A young instructor in a battered cuirass pivoted, swept the legs of a candidate who had mistaken enthusiasm for initiative, and touched a blunt spearhead to the throat with professional mercy. The bout ended on two strikes and a lesson. The crowd approved. It did not cheer wildly; it thumped agreement into the benches the way rain approves of roofs.

Up in the Academy section, a row of students wore their blue and silver like they had been born knowing their measurements. Evelyn sat straight and still, uniform crisp, hair braided back without a brag. She watched the sand as if it had written her a letter and she was deciding whether to reply.

Beside her, Alicia leaned in. Alicia always leaned in; her curiosity had a gravitational field. "Not a bad fight," she said. "Admit it.
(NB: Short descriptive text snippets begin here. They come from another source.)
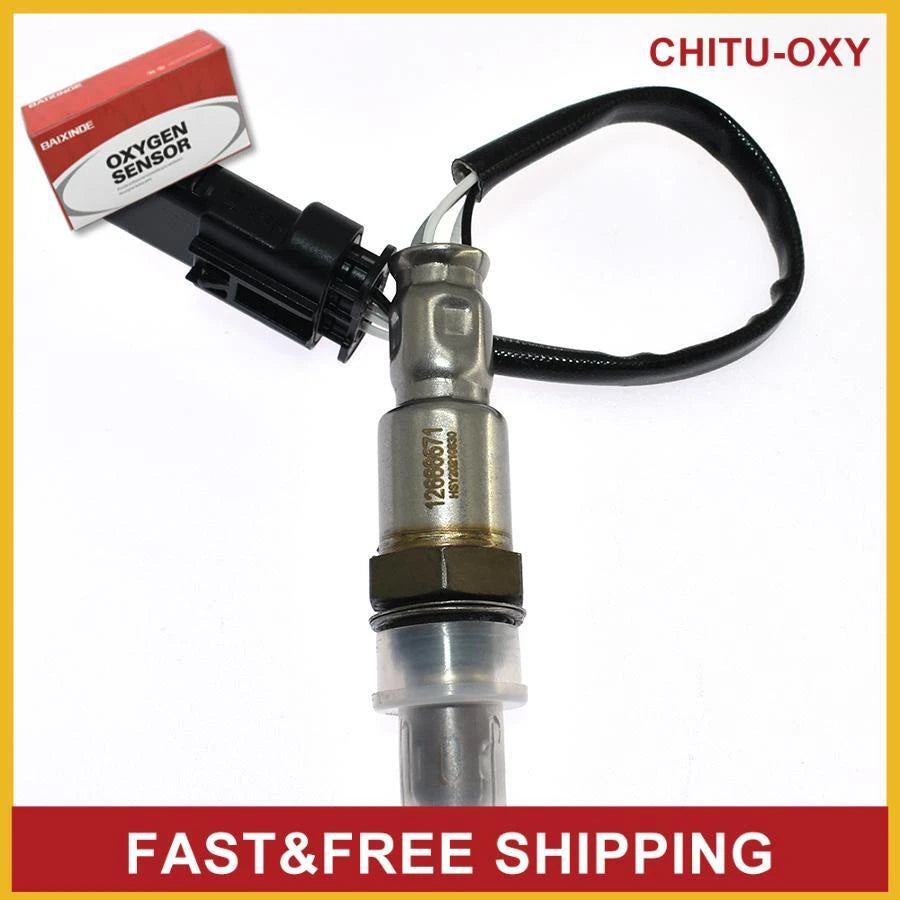 Downstream O2 Oxygen Sensor for Chevrolet Camaro Cadillac ATS CTS 2016-2017 CT6 6B93BC-57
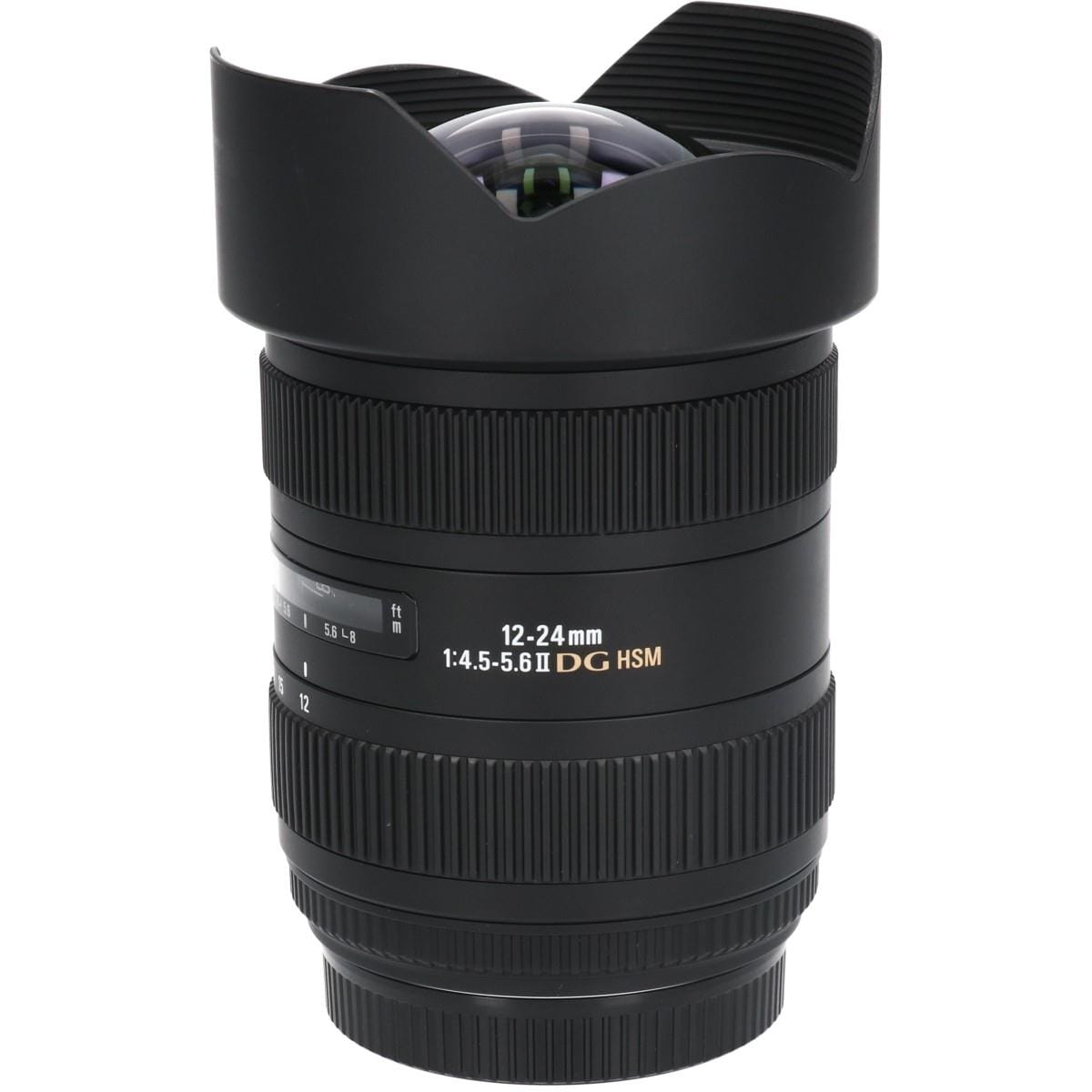 ＥＯＳ１２－２４ｍｍ　Ｆ４．５－５．６ＩＩＤＧ　ＨＳＭ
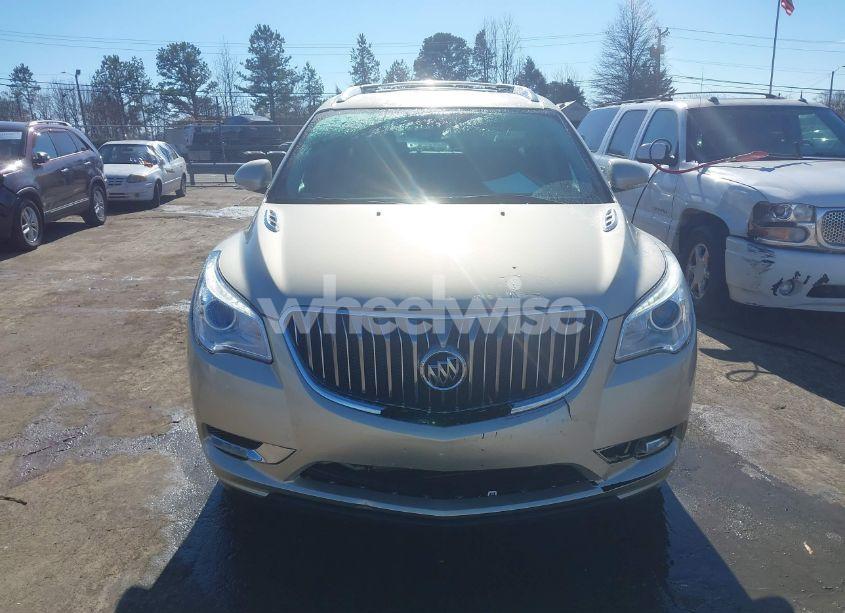 Photo 12 of 2014 Buick Enclave LEATHER (VIN 5GAKRBKD4EJ102933)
Clean stop. Decent footwork."

"They are all weak," Evelyn said. "I am not interested."

"You are impossible," Alicia said, delighted. "You sit here judging everyone, and you are the one who wanted to come most. I heard you tell your mother you would not miss it if the sky fell."

Evelyn had a reply prepared, something efficient and cutting. The arena's voice stole the timing.

A steward with a cone of lacquered wood lifted it to his mouth. Magic took the words and shook them large.

"Honored guests," he said, "I hope your blood is still hot. For our last bout, Instructor Leila has chosen a candidate herself and will face him."

A ripple ran through the seats. Instructor Leila did not choose often. When she did, people remembered the results.

"This candidate is a former porter who chose the hunter's path. He is a special case. Every bar in the physical examination, maxed. Monstrous strength. No mana."

The pause was anatomical, a breath held until the name.

"Please welcome, Rem Avern."

The Coliseum shouted like a single animal discovering teeth. The final gate ground upward. A figure stepped into light, the cut of him exact. Sleeveless compression black. Broad shoulders built by work, not rumor. A long black dagger riding his back like a quiet promise. He did not wave. He did not bow. He looked at the sand the way people look at a field before they plant.

At the opposite gate, Leila walked out with a spear balanced in one hand. She stretched once, a small, precise motion that made her joints confess readiness.

Alicia turned to make a joke and forgot to. Evelyn had not moved, but her face had closed on something the crowd could not see. Her mouth had softened into the faintest of smiles. It was not pleasure. It was recognition on the edge of relief.

So that is why, Alicia thought, and wisely kept it to herself.

On the floor, flags rose. Bells spoke. The day held its breath and waited to be named.